* Problem
Copy the listing as it is written, and leave each picture out.

* Recorded data
____________

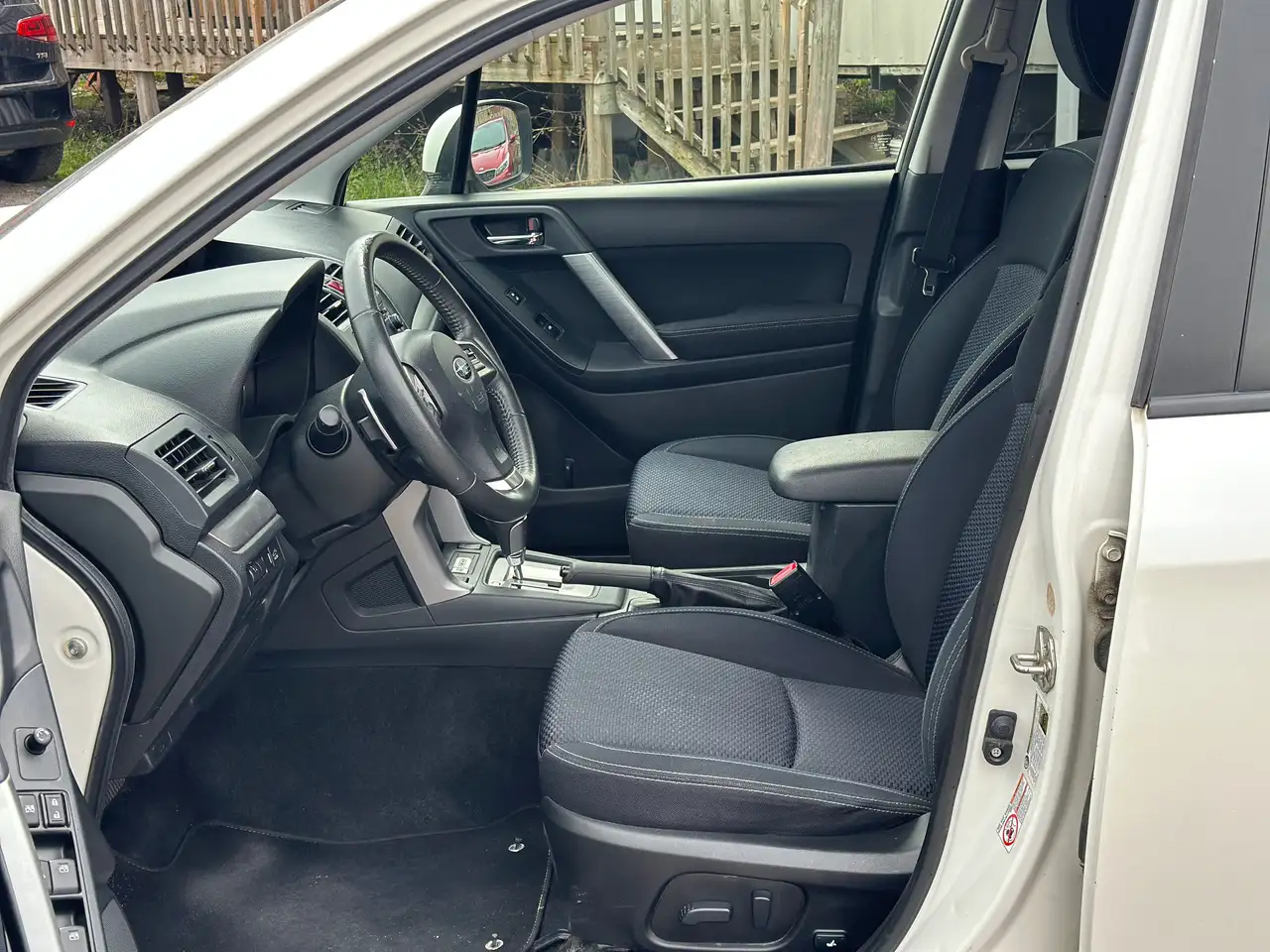Subaru Forester снимка Subaru Forester
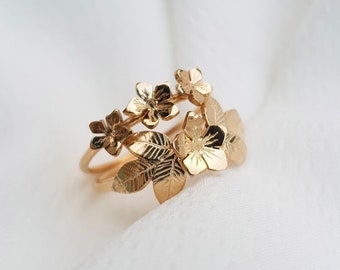 Flower and leaf ring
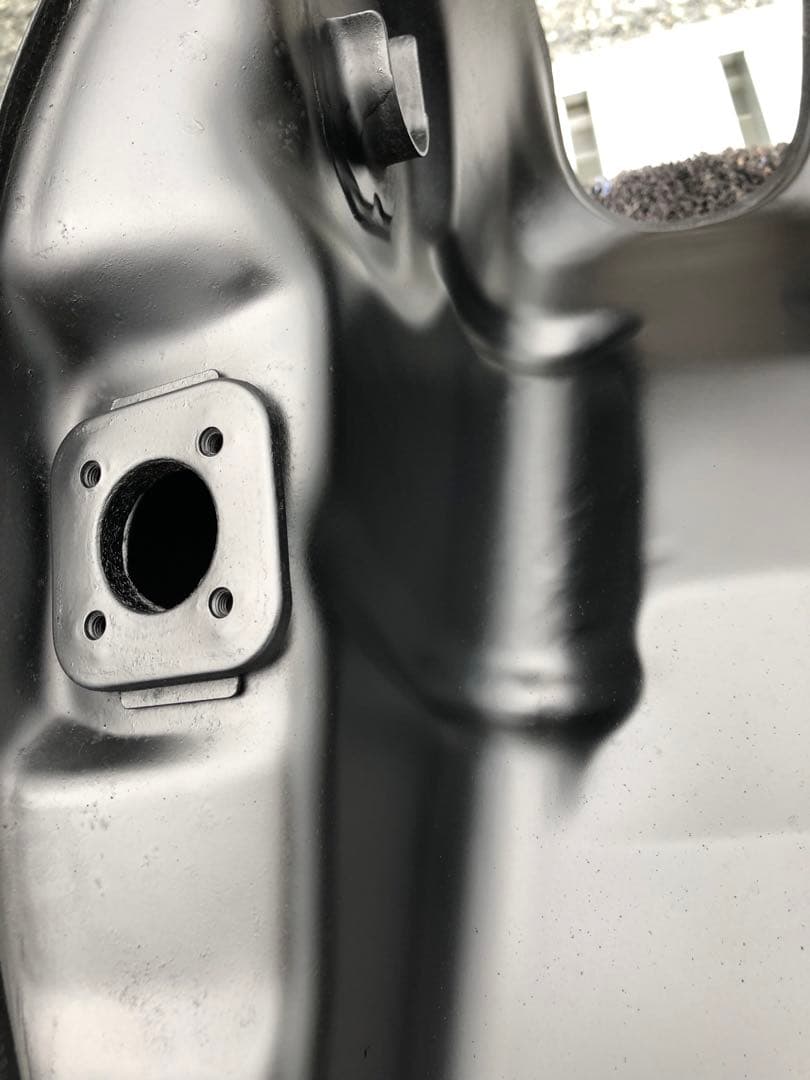 ゼファー400 ゼファーχ ガソリンタンク　ラップ塗装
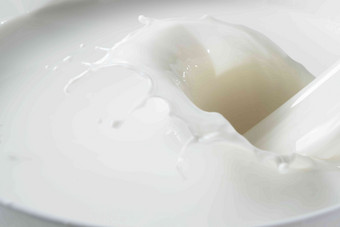奶制品奶柱静物白色高端摄影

____________

* Output of the task
Subaru Forester снимка Subaru Forester
 Flower and leaf ring
 ゼファー400 ゼファーχ ガソリンタンク　ラップ塗装
奶制品奶柱静物白色高端摄影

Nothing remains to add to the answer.